(Collected data entries)

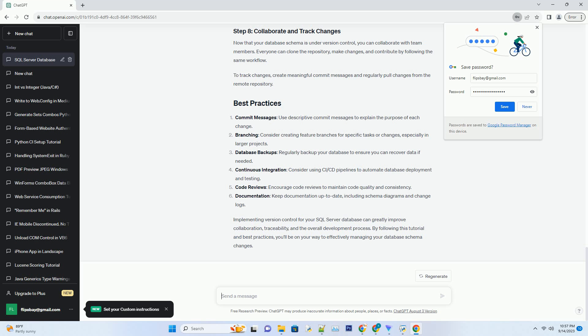In SSMS, you can create a database project to manage your database schema. Go to File New Project. Select Database under Templates and follow the wizard to create a new project.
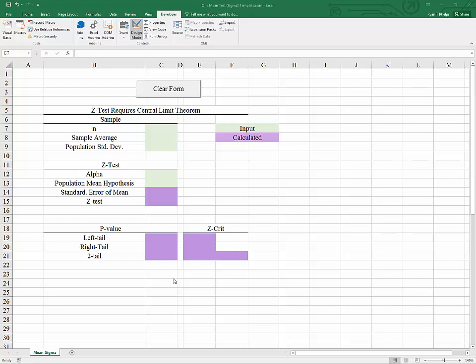In this video I'm going to demonstrate how to set up a template for testing hypothesized values of the population mean. In particular we're looking at cases when the z distribution is used.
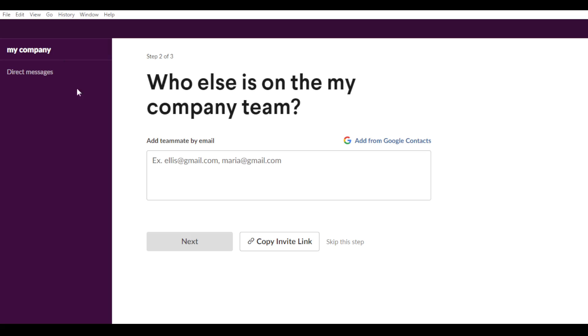you will see here add teammates by email. So you can add them by just their email here. You can add from Google contact, you can copy the link invites and send them to anyone that you want.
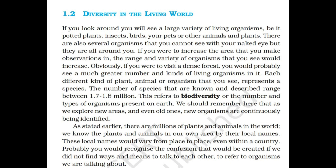If you look around, you will see a large variety of living organisms — be it potted plants, insects, birds, your pets, or other animals and plants. There are also several organisms that you cannot see with your naked eye but they are all around you. If you were to increase the area of observation, the range and variety of organisms you see would increase. If you were to visit a dense forest, you would probably see a much greater number and kinds of living organisms. Each different kind of plant, animal, or organism that you see represents a species. The number of species known and described ranges between 1.7 to 1.8 million. This refers to biodiversity — the number and types of organisms present on earth. As we explore new areas and even old ones, new organisms are continuously being identified.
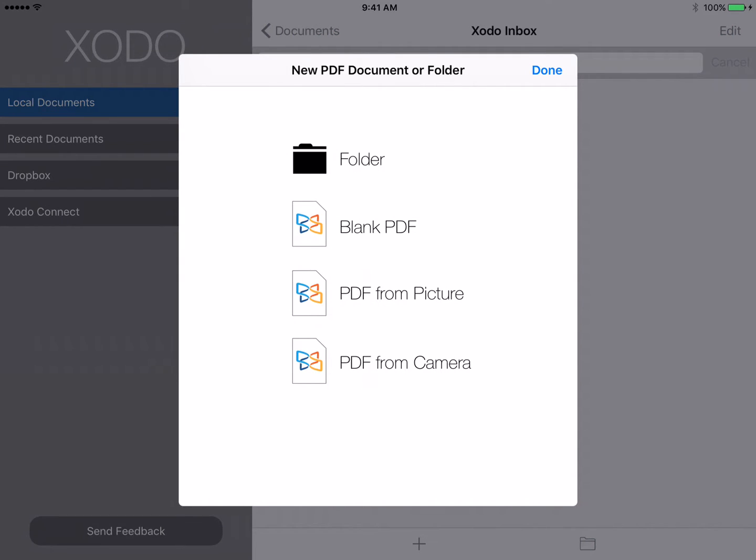You can use this to create a blank PDF that is a white piece of digital paper that you can draw on, or you could add a photo from your camera and then annotate that picture using the tools in Zodo.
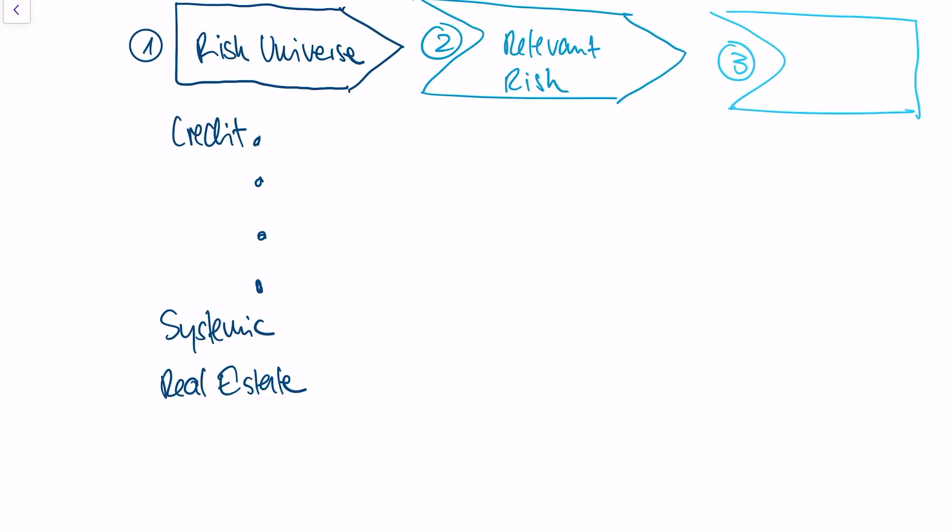For instance, maybe I can cross off real estate risk because I'm a bank and I don't operate within the real estate sector. I will shortlist all of those factors into a list of relevant risk factors. This list is typically shorter.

(WHAT TO PRODUCE)
The answer must reproduce every line of the records above exactly, with all pictures left out.

(ANSWER SPACE)
In SSMS, you can create a database project to manage your database schema. Go to File New Project. Select Database under Templates and follow the wizard to create a new project.
In this video I'm going to demonstrate how to set up a template for testing hypothesized values of the population mean. In particular we're looking at cases when the z distribution is used.
you will see here add teammates by email. So you can add them by just their email here. You can add from Google contact, you can copy the link invites and send them to anyone that you want.
If you look around, you will see a large variety of living organisms — be it potted plants, insects, birds, your pets, or other animals and plants. There are also several organisms that you cannot see with your naked eye but they are all around you. If you were to increase the area of observation, the range and variety of organisms you see would increase. If you were to visit a dense forest, you would probably see a much greater number and kinds of living organisms. Each different kind of plant, animal, or organism that you see represents a species. The number of species known and described ranges between 1.7 to 1.8 million. This refers to biodiversity — the number and types of organisms present on earth. As we explore new areas and even old ones, new organisms are continuously being identified.
You can use this to create a blank PDF that is a white piece of digital paper that you can draw on, or you could add a photo from your camera and then annotate that picture using the tools in Zodo.
For instance, maybe I can cross off real estate risk because I'm a bank and I don't operate within the real estate sector. I will shortlist all of those factors into a list of relevant risk factors. This list is typically shorter.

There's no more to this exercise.